[To do]
Transcribe the entries below exactly, starting with the line that has "Baseus držák na mobilni telefon - 2" and stopping after the line that has "Subsurface Multiphysics Simulation Facility"; no pictures belong in the copy.
(Provided records Opens)
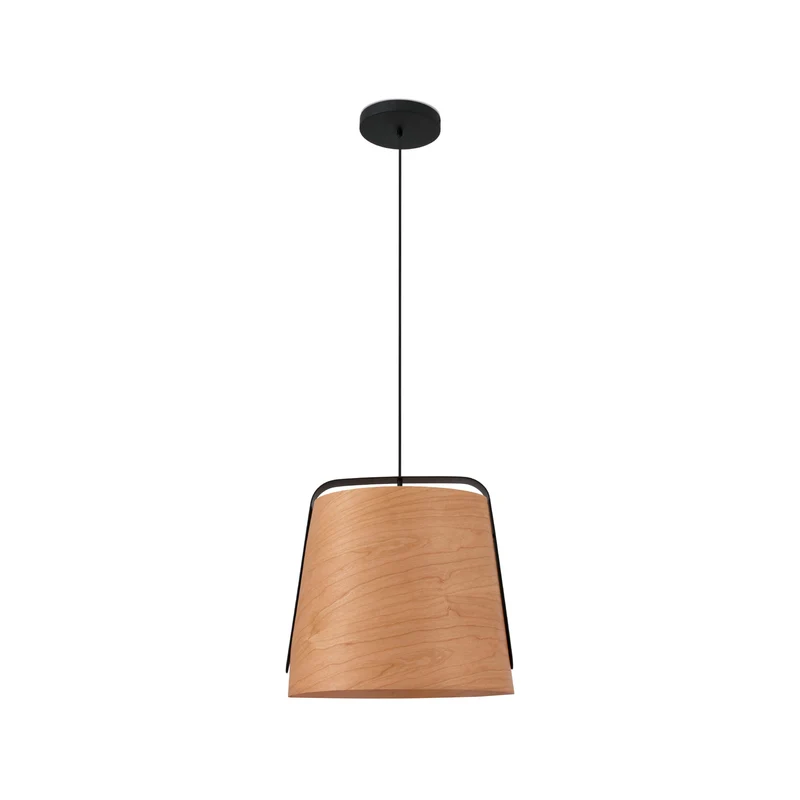 Faro Stood Pendant Lamp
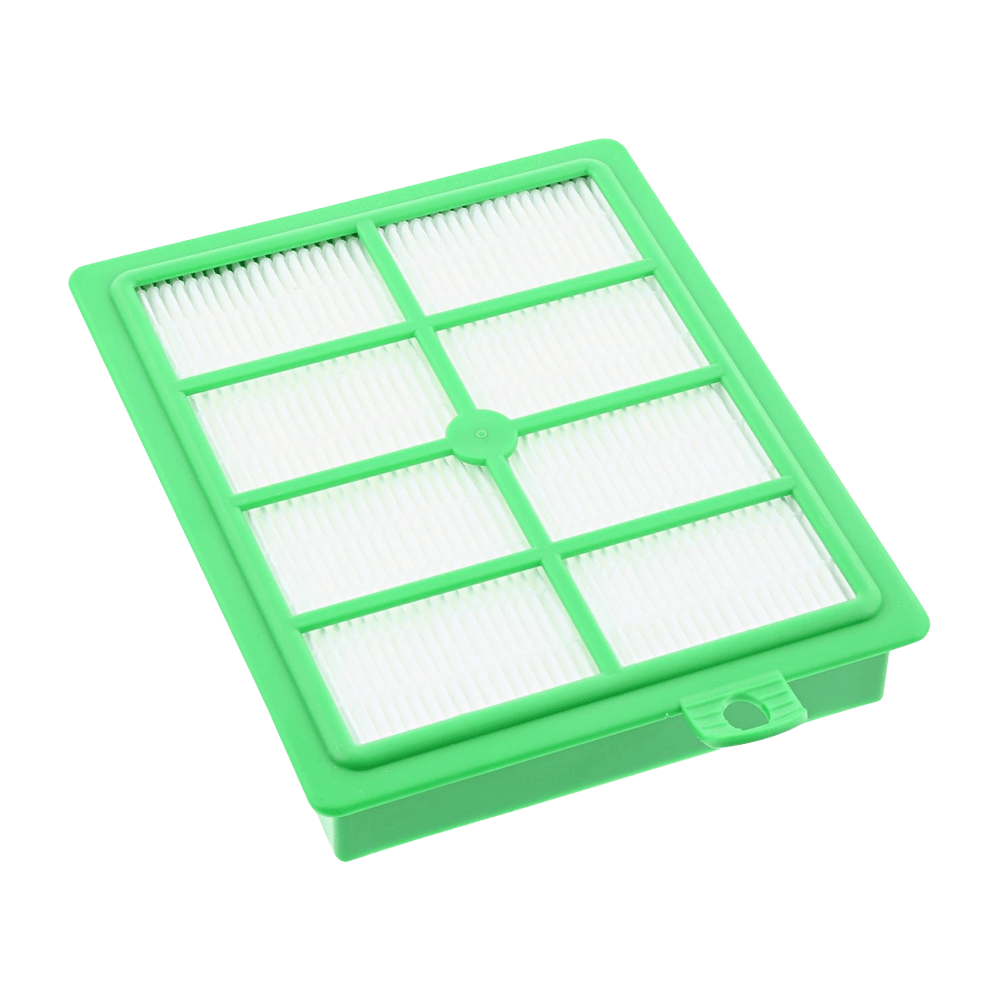 Electrolux Hygiënefilter Stofzuiger 1130939018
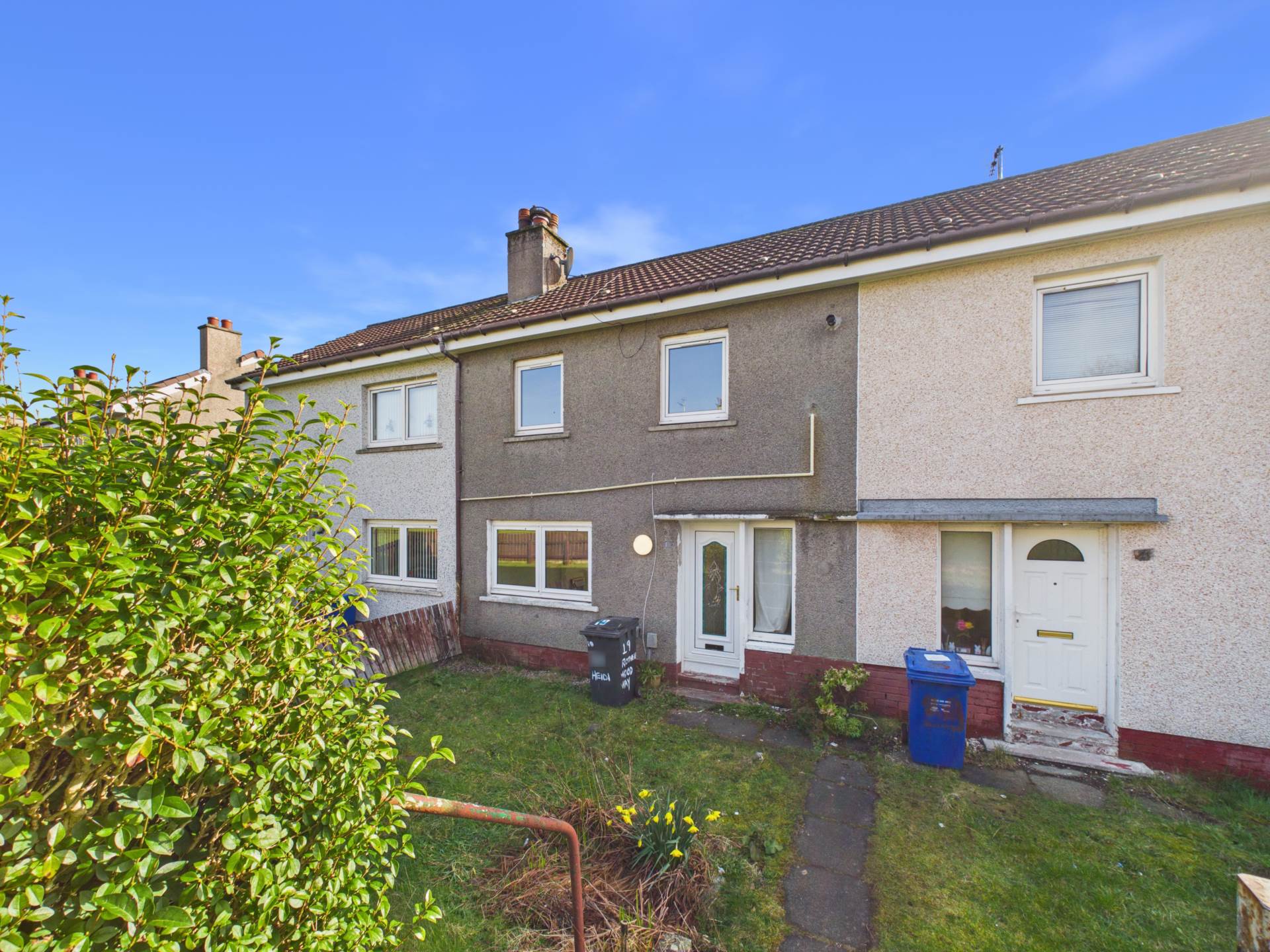 19 Rotherwood Way, Paisley, Image 16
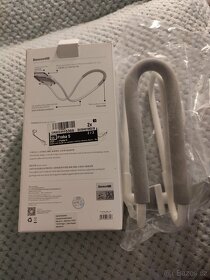 Baseus držák na mobilni telefon - 2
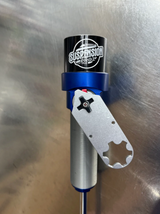 Suspension Proz - Walker Evans Hi/Lo Clicker Adjustment Tool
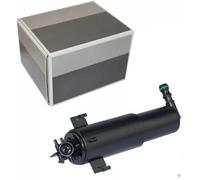 ESEN SKV 15SKV696 Headlight washer jet
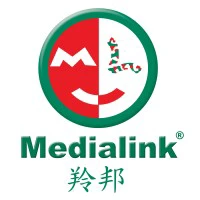 Medialink Group Ltd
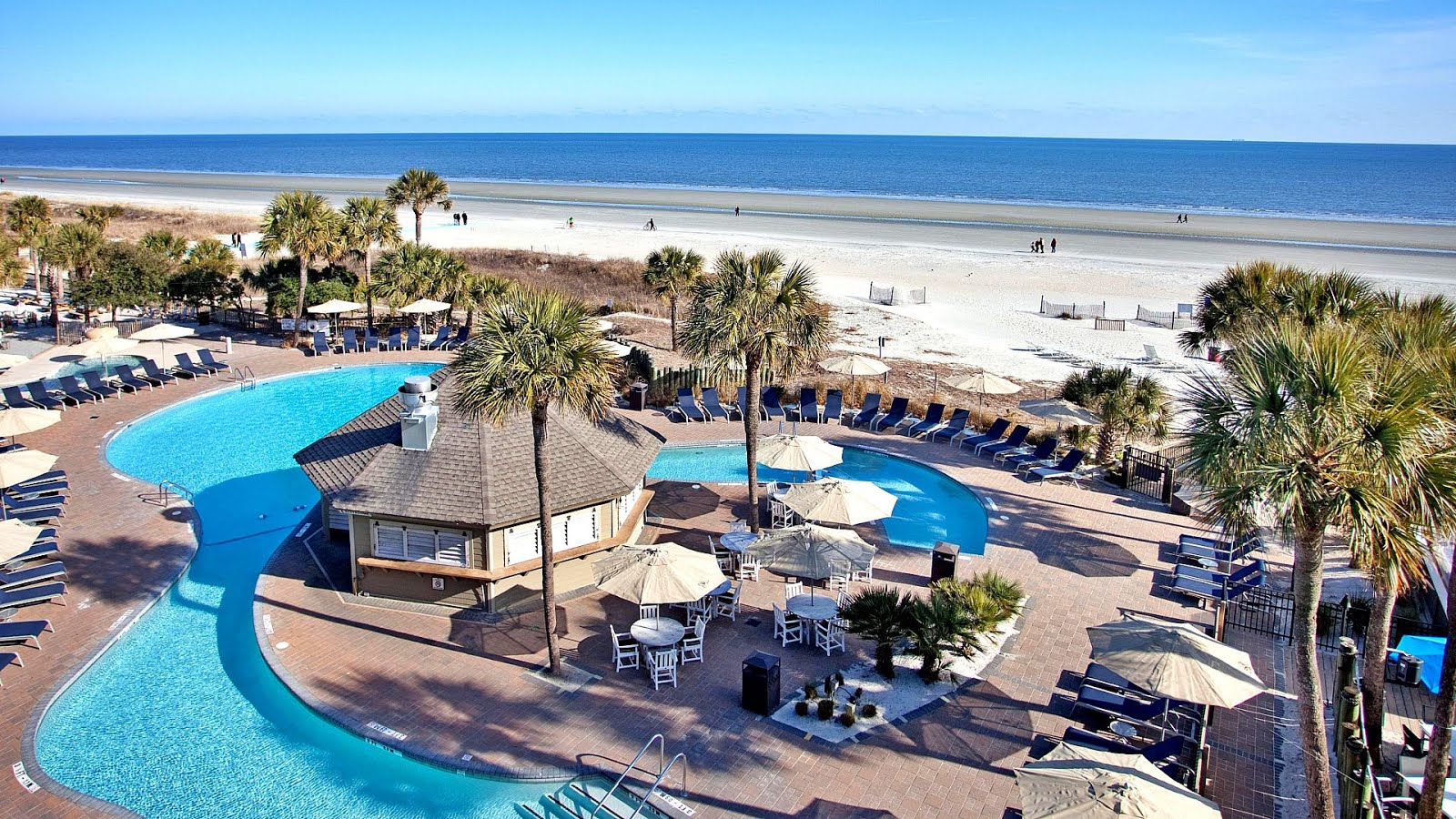 Help me pick restaurants, pretty please! Savannah Hilton Head Airport Code Trip to Airport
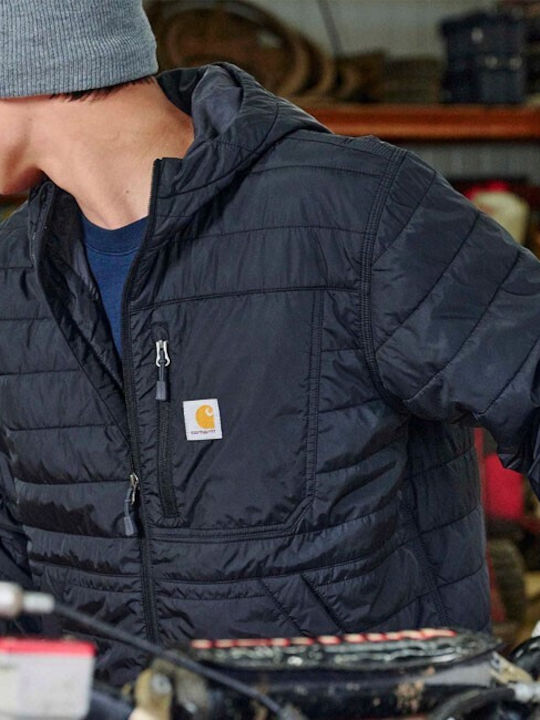 Carhartt Carhartt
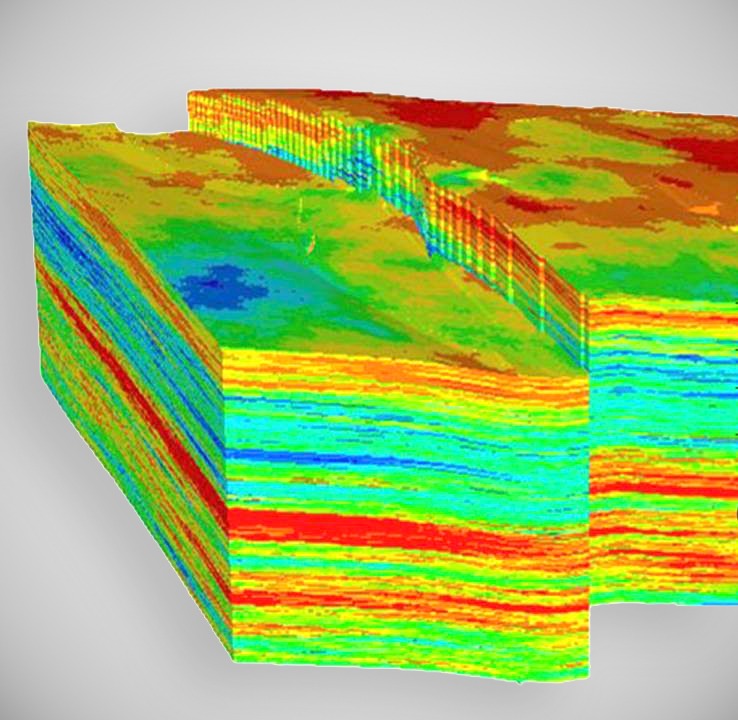 Subsurface Multiphysics Simulation Facility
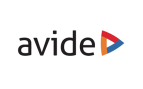 Avide Avide
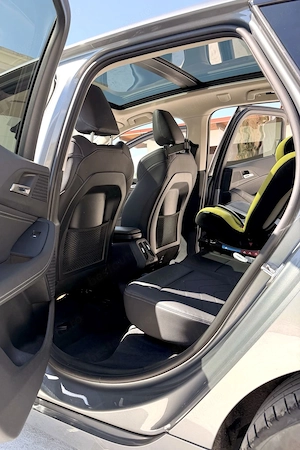 BMW Seria 2 Grantie și Service inclus  - imagine 7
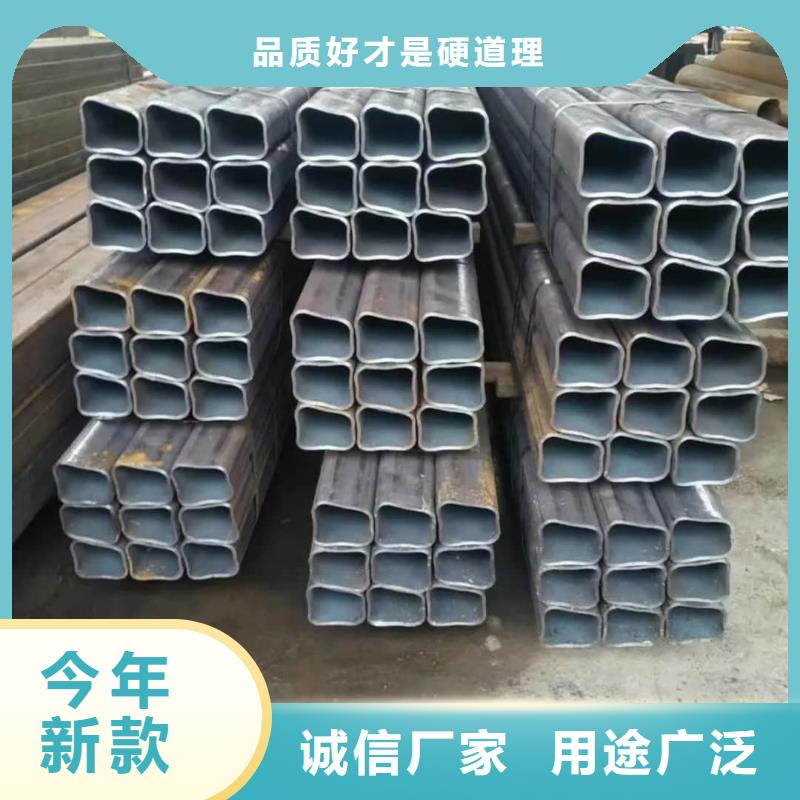 异型管注浆管48小时发货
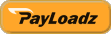 e-Book edition via Payloadz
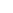 loading icon...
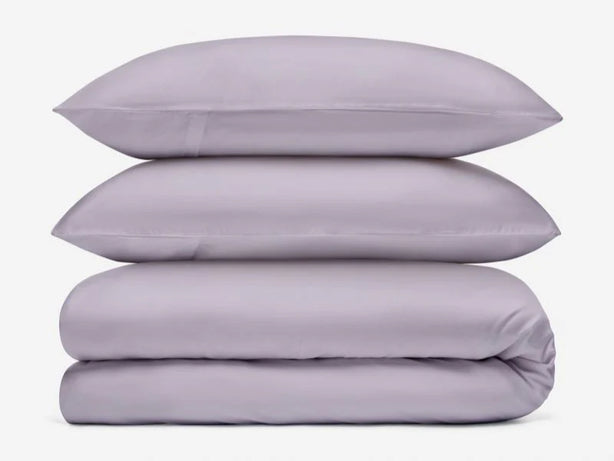TENCEL™ Lyocell Move-In Bundle Set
(Provided records Closes)
[Answer box]
 Baseus držák na mobilni telefon - 2
 Suspension Proz - Walker Evans Hi/Lo Clicker Adjustment Tool
 ESEN SKV 15SKV696 Headlight washer jet
 Medialink Group Ltd
 Help me pick restaurants, pretty please! Savannah Hilton Head Airport Code Trip to Airport
 Carhartt Carhartt
 Subsurface Multiphysics Simulation Facility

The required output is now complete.